Avant-Première VO: Review Spider-Man #240

Spider-Man #240

Brian Michael Bendis a déjà un pied chez DC Comics qu’il a encore l’autre chez Marvel. Après ses adieux aux Defenders et à Jessica Jones, le voici donc qui solde ses points Miles (désolé). Ou comment quitter celui qui, après Jessica, est sans doute l’un de ses apports majeurs à Marvel.

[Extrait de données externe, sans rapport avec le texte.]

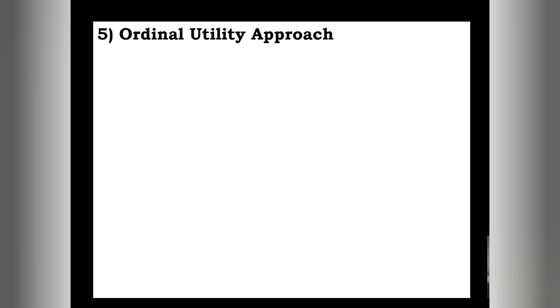In our next concept, we will look at the ordinal utility approach. This is another utility approach which helps to measure utility even though it is introspective and intangible. In our next class, we will see who developed the ordinal utility approach, how it differs from the cardinal utility approach, and how utility can be calculated using cardinal utility approach.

Spider-Man #240Spider-Man #240 [Marvel Comics]
Scénario de Brian Michael Bendis
Dessins d’Oscar Bazaldua & Sara Pichelli
Parution aux USA le mercredi 2 mai 2018

Miles Morales, c’est personnel pour Bendis. Et s’il était besoin de s’en convaincre, si l’on garde à l’esprit que c’est un gros pépin de santé et une hospitalisation qui ont décalé dans le temps les derniers épisodes de séries Marvel de l’auteur, l’intro de ce numéro (avec Miles lui-même hospitalisé) cultive plus ou moins consciemment le parallèle. Et comme de bien entendu, Miles, devenu un peu l’avatar de Bendis, souffre lui aussi d’une infection. Difficile de faire plus explicite. Finalement l’essentiel de l’épisode est consacré à Miles en convalescence et se remettant doucement sur pied, avec une structure très différente des autres épisodes d’adieux de l’auteur. Pourtant il prend soin de continuer de ménager son périmètre, son Bendisverse, de glisser d’un côté Claire Temple, de l’autre Iron Man. Même l’idée d’avoir réutilisé Lucia Von Bardas, sa création de Secret Wars. Là, où l’on reconnaît plus la narration typique du scénariste, sa gestion des fuites en avant, c’est typiquement le combat réglé hors-champ ou l’évocation d’un personnage qui pourrait changer la donne… et que Bendis se garde en réserve (ou aménage en vue d’un prochain run sur le titre).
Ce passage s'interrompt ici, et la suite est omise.